Best practices for implementing a hybrid database system

In some circumstances, migrating from one or more relational database management systems (RDBMS) to Amazon DynamoDB might not be advantageous. In these cases, it might be preferable to create a hybrid system.

If you don't want to migrate everything to DynamoDB

For example, some organizations have large investments in the code that produces a multitude of reports needed for accounting and operations. The time it takes to generate a report is not important to them. The flexibility of a relational system is well suited to this kind of task, and re-creating all those reports in a NoSQL context might be prohibitively difficult.

Some organizations also maintain a variety of legacy relational systems that they have acquired or inherited over decades.
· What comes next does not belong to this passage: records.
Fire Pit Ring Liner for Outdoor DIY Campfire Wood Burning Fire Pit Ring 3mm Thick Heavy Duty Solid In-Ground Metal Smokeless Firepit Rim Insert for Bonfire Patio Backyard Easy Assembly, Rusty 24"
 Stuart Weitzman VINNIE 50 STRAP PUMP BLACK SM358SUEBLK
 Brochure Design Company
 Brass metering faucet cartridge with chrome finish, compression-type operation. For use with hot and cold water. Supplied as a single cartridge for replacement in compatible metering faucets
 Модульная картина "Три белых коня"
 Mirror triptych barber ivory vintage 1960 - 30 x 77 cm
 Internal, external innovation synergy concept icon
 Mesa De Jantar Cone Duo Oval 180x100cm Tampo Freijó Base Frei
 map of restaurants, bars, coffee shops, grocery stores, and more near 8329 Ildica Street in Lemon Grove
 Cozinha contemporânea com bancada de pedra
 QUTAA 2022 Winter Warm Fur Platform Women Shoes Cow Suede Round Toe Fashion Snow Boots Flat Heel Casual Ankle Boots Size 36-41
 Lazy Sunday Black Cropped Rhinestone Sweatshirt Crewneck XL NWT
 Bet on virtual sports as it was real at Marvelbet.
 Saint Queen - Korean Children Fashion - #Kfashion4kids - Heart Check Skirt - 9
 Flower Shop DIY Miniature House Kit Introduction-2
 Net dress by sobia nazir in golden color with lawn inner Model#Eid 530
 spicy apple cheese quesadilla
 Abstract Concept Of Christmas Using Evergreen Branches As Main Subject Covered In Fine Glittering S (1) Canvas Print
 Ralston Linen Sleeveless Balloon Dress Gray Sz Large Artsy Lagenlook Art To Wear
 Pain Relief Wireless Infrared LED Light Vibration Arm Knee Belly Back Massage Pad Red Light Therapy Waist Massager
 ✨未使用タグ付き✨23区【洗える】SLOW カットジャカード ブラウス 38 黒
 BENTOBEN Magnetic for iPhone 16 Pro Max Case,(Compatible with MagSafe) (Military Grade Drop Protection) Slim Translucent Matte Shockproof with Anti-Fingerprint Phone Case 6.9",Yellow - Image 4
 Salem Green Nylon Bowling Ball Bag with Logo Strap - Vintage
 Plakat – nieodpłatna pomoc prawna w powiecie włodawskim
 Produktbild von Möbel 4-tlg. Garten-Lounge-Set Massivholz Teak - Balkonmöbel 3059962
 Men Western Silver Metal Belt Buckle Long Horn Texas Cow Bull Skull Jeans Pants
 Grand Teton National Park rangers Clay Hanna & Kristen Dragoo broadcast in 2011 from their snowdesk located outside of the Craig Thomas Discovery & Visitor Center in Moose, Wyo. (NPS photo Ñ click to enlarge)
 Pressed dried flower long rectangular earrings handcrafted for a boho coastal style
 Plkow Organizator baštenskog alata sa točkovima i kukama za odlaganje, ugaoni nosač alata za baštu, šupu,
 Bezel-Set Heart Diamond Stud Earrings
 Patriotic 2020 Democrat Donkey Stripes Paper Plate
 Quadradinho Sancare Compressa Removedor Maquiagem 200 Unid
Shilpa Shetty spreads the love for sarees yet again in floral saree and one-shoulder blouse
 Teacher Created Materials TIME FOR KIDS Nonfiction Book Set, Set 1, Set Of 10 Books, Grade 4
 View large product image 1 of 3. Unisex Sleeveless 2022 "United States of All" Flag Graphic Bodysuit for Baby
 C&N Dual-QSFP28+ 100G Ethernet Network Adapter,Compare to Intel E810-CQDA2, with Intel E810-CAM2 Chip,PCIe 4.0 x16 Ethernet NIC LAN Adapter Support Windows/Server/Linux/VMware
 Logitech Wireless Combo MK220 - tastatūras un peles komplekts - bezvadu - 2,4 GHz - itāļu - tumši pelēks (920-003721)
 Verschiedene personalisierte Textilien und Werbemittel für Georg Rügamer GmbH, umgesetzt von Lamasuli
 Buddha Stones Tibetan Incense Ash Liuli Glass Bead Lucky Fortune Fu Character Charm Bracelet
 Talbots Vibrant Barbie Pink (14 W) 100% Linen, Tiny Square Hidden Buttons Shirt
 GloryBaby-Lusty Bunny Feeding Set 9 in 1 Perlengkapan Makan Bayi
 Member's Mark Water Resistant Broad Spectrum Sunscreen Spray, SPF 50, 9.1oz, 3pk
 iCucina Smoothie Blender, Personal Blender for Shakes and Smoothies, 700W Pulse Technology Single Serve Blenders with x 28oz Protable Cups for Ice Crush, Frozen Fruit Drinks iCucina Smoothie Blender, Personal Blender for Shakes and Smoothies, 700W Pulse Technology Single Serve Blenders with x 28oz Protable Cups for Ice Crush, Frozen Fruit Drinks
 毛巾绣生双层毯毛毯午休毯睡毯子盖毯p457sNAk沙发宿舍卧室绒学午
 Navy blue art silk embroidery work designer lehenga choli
Migrating data from these systems might be too risky and expensive to justify the effort.

However, the same organizations may now find that their operations depend on high-traffic customer-facing websites, where millisecond response is essential. Relational systems can't scale to meet this requirement except at huge (and often unacceptable) expense.

In these situations, the answer might be to create a hybrid system, in which DynamoDB creates a materialized view of data stored in one or more relational systems and handles high-traffic requests against this view. This type of system can potentially reduce costs by eliminating server hardware, maintenance, and RDBMS licenses that were previously needed to handle customer-facing traffic.

How a hybrid system can be implemented

DynamoDB can take advantage of DynamoDB Streams and AWS Lambda to integrate seamlessly with one or more existing relational database systems:

        Diagram illustrating how to integrate DynamoDB with existing SQL systems.

A system that integrates DynamoDB Streams and AWS Lambda can provide several advantages:

  • It can operate as a persisted cache of materialized views.

  • It can be set up to fill gradually with data as that data is queried for, and as data is modified in the SQL system. This means that the entire view does not need to be pre-populated. This in turn means that provisioned throughput capacity is more likely to be used efficiently.

  • It has low administrative costs and is highly available and reliable.

For this kind of integration to be implemented, essentially three kinds of interoperation must be provided.

        Coding needed to integrate DynamoDB with existing SQL systems.
  1. Fill the DynamoDB cache incrementally. When an item is queried, look for it first in DynamoDB. If it is not there, look for it in the SQL system, and load it into DynamoDB.

  2. Write through a DynamoDB cache. When a customer changes a value in DynamoDB, a Lambda function is triggered to write the new data back to the SQL system.

  3. Update DynamoDB from the SQL system. When internal processes such as inventory management or pricing change a value in the SQL system, a stored procedure is triggered to propagate the change to the DynamoDB materialized view.

These operations are straightforward, and not all of them are needed for every scenario.

A hybrid solution can also be useful when you want to rely primarily on DynamoDB, but you also want to maintain a small relational system for one-time queries, or for operations that need special security or that are not time-critical.